67年ぶりに年間死者数が4000人を下回るなど、交通事故被害者は確実に減っている。背景にあるのは厳罰化の流れ。ドライバーは大きなプレッシャーを抱える時代となったが、一方で無免許や飲酒など悪質なドライバーへの厳罰適用はまだ道半ば、遺族からは怒りの声も上がる。春の交通安全週間にあたって、知っておきたい交通事故の最新常識をまとめた。(フリーライター 星野陽平)

厳罰化に新たな刑罰の規定も
交通事故減少の背景

 今年も「春の交通安全週間」が始まった。期間は4月6日から15日までで、特に10日は「交通事故死ゼロを目指す日」となっている。警視庁のまとめによれば、2016年に全国で起きた交通事故による死者数は、前年比213人(5.2%)減の3904人。年間の死者数が4000人を下回ったのは、1949年以来、67年ぶりだ。

交通事故厳罰化時代、ドライバーは「自衛」しないとヤバい厳罰化の成果もあって、交通事故死者数は大きく減ったが、認知症ドライバー問題など課題は多い。また、厳罰化の流れの中で、ドライバーは万が一に備えた対策をしておく必要がある

 交通事故による死者数は、90年代前半から減少の一途を辿っているが、これは、交通法規の度重なる改正により、罰則が強化された影響も大きいようだ。交通事故問題に詳しいジャーナリストの柳原三佳氏に、近年の交通事故をめぐる状況について伺った。
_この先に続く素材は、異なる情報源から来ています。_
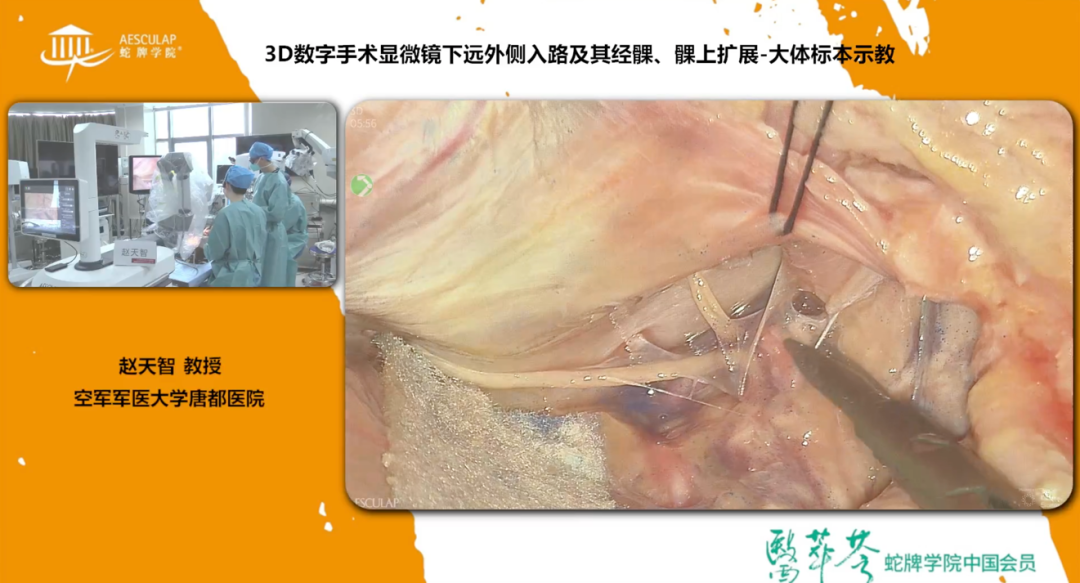 蛇牌学院是什么2022陕西省抗癌协会-蛇牌学院唐都微侵袭神经外科手术入路学习班顺利举办_https://www.jmylbn.com_新闻资讯_第14张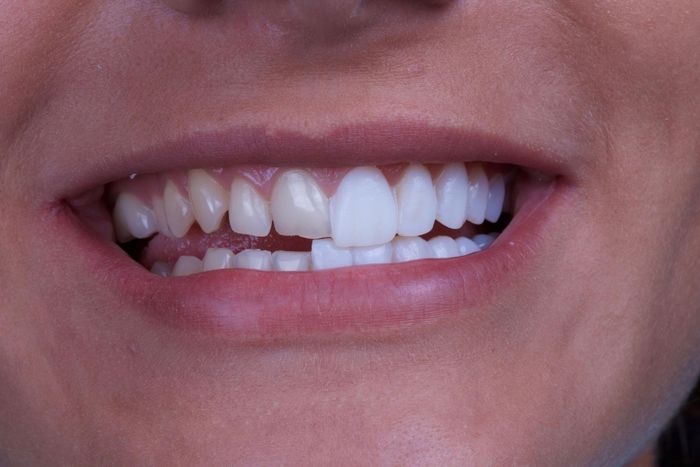 Dán sứ veneer mang lại vẻ đẹp cho hàm răng.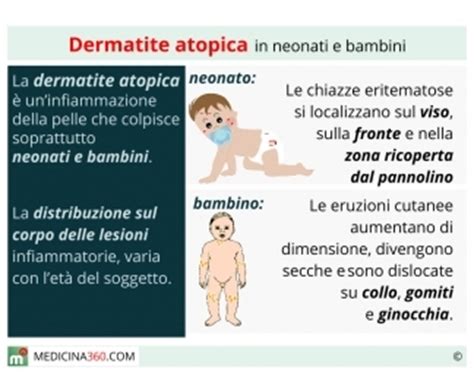 Dermatite Atopica In Bambini E Neonati Cause Rimedi Ed Alimentazione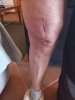 [Bonesmart.org] 2nd knee, 2nd recovery
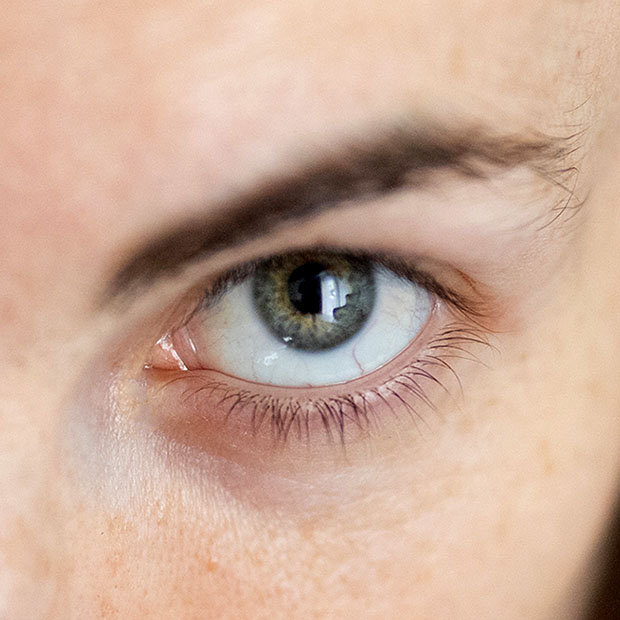 НОВОЕ ЛЕЧЕНИЕ ДИСТРОФИИ СЕТЧАТКИ ГЛАЗА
「重大な交通事故が起こるたびに、“法律の穴”によって軽い罪しか問えないことに対する、被害者や遺族の要望、世論が高まりました。こうした状況を受け、この20年ほどで交通法規は度重なる改正で厳罰化されてきました。特に飲酒運転での死亡事故。従来は過失で処理され、懲役7年が最高刑でしたが、2001年から導入された危険運転致死傷罪が適用されると、懲役15年まで問われるようになっています」

 14年5月から施行された自動車運転死傷行為処罰法でも、これまでなかった刑罰の規定がいくつも設けられている。特に飲酒運転や無免許運転など、悪質な運転で事故を起こした場合の罰則が重くなっており、たとえば、危険な速度で逆走したり、通行禁止道路を走行して人身事故を起こした場合は最高で懲役20年。無免許の場合は、それ以上の重い刑罰に問われることになる。